U.S. Pat. No. 4,641,763, issued to Landers et al., discloses one
such effort in which an ice storage bin can provide ice for
beverages, at the same time providing a cooling source for a cold
plate which, in turn, chills beverage lines. This disclosure is
typical of the state of art prior to the present invention. The
apparatus disclosed by Landers is limited in the capacity of stored
ice (practically about 90 lbs.) because the bottom level of ice in
the storage bin has to be above the height level of the discharge
chute for the force of gravity to allow discharge of ice into cups
waiting below. Thus, the free space from the lowest portion of the
machine to the height level of the bottom layer of ice is wasted
and unusable for ice storage.
U.S. Pat. No. 4,679,715, issued to Hovinga, discloses a rotary
paddle wheel which is used in a combination ice cube and cold
beverage dispenser to elevate ice from lower regions of a storage
cabinet up to a dispensing chute. Ice is elevated to roughly the
same level as that of the dispensing chute, and the entire storage
cabinet, along with all of its internal components, is designed at
a tilted angle to allow gravity-assisted dispensing. Because of
this sloped design, the paddle wheel is limited to a relatively
small size. The size of the wheel is further restricted by a
separate enclosure that is a part of the wall of the ice cabinet
which is required for the wheel to be able to carry ice within the
enclosure's confinement.
The entire design restricts the amount of ice that can be stored
within the cabinet which is limited by the height and width demands
of the food service industry.
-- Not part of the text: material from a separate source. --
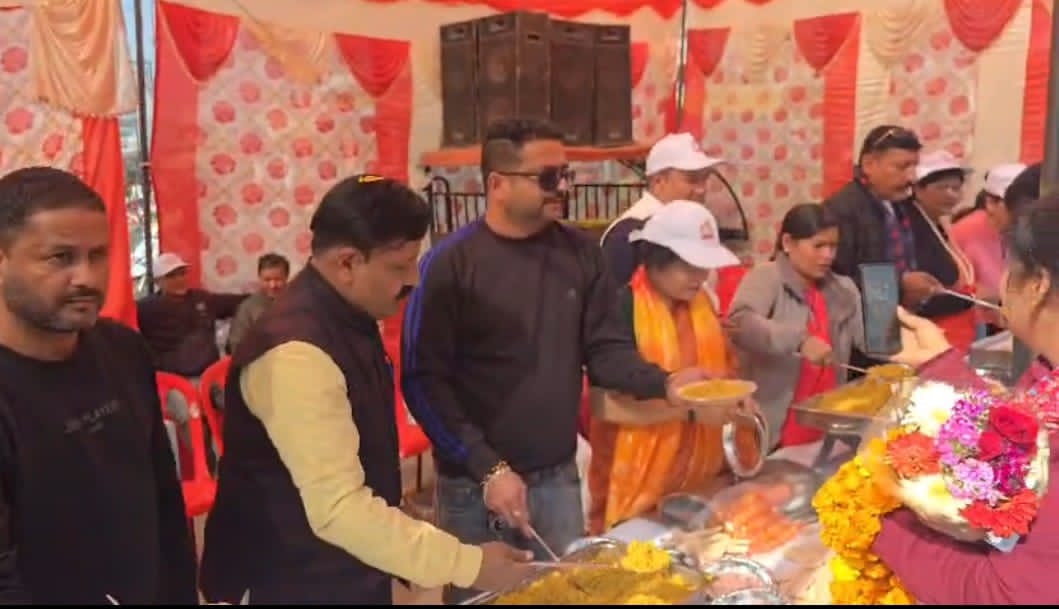 सशक्त एकता उद्योग व्यापार मंडल द्वारा किया गया खिचड़ी भोज का भव्य आयोजन…..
The volume of ice in the cabinet is
further restricted by addition of a curved false bottom which is
designed to create a separate compartment for ice to cool a cold
plate. Furthermore, the small size to which the paddle wheel is
confined results in inefficient ice delivery as it is restricted to
the small amounts of ice that reach it through the tilt angle and
narrow channels formed in the opening to its separate
enclosure.
A trade publication distributed by SerVend International, Inc.,
Form No. 2170, copyright 1988, discloses an ice dispenser that also
utilizes a paddle wheel. Like the Hovinga patent, the internal ice
bin and the paddle wheel system design disclosed in the SerVend
brochure is tilted at an angle with wasted dead space below the
slanted bottom of the ice storage bin. The SerVend ice dispenser
could be combined with a beverage dispenser; however, this would
create problems very similar to the restricted volumes found in the
storage cabinet of the Hovinga patent.
Another drawback of the SerVend paddle wheel is the delivery of ice
up to the apex of the paddle wheel for discharge down a dispensing
chute. If this method of dispensing ice is to be incorporated with
a beverage dispenser, the industry would demand that the length of
drop from the apex of the paddle wheel to beverage containers
waiting below be enclosed within a relatively long discharge chute.
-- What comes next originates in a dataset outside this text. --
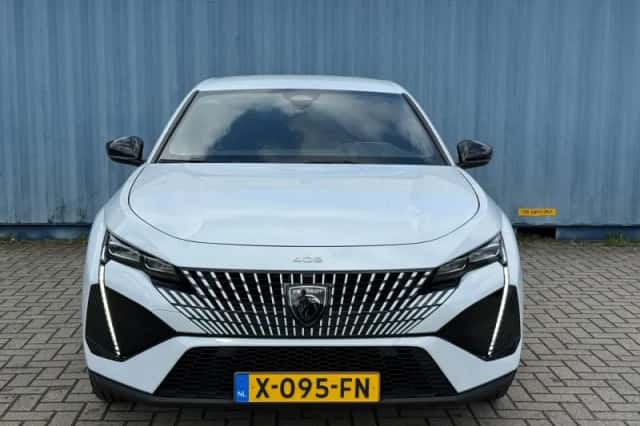 Peugeot 408 (2023) thumbnail 8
This will result in wasted ice as conventional beverage holders
cannot hold the volume of ice discharged by this excessively long
discharge chute.
The present invention discloses an apparatus which allows for
almost double the capacity of ice storage (around 160 lbs.), as
compared to machines presently available, by incorporating a novel
rotating tray which lifts ice stored below the height of the
discharge chute to an elevation above said chute and then into a
secondary cone chute for gravity-assisted dispensing. This design
allows the rotating tray to reach throughout the entire height of
the ice storage bin with utilization of the entire volume of the
bin while still dispensing proper volumes of ice at appropriate
height levels.
It is an object of the present invention to provide enlarged ice
storage bins for combination chilled beverage and ice dispensers.
To this end, the system disclosed herein incorporates a rotating
tray means which allows for storage of ice below the height level
of the discharge chute, permitting the use of the free space below
the level of the discharge chute which would otherwise be
wasted.
It is an object of this invention to provide a combination beverage
and ice dispenser which efficiently discharges ice in quantities
corresponding to volumes of conventional beverage holders through
the use of a cone chute located at an intermediate height along the
dispenser. The rotating tray means of the present invention has the
ability to reach the lowest portions of its storage bin, utilizing
all available storage space in the bin, and can discharge ice at an
elevation that meets the demands of the industry without waste
caused by excessive discharge.
Another object of the present invention is to provide a rotating
tray means, a plurality of breaker bars, and a plurality of
agitators, all mounted on a single, motor-driven shaft such that
all separate components mounted on the shaft rotate in unison when
the motor is activated. Rotation of the shaft and agitators can
also be timed for set periods at set time intervals through printed
circuit board means to prevent bridging of ice stored for long
durations.
Another object is to provide an ice-dispensing apparatus whose
internal components are strippable without tools for cleaning and
maintenance, which allows for improved sanitation control.
It is a further object of the present invention to provide
insulation for chilled beverage lines beyond an ice-cooled cold
plate through additional insulation with foamed-in-place insulation
of product lines beyond the cold plate.
Other objects and improvements will be apparent to those skilled in
the art in the following disclosure.
SUMMARY OF THE INVENTION
The apparatus of the present invention is basically a combination
chilled beverage and ice dispenser integrated with a storage bin
for ice. The storage bin is covered at an uppermost portion with a
removable lid. The preferred embodiment is designed to allow an
operator to remove the lid and fill the bin with ice made in an
independent ice-making source at a different location. The
removable lid can be replaced with an adapting means which allows
for the mounting of an ice maker directly onto the uppermost
portion of the ice storage bin. However, the invention allows for
large ice storage capacity and the preferred embodiment is designed
for use by the majority of the industry which uses ice makers that
are separate and independent from the beverage dispenser.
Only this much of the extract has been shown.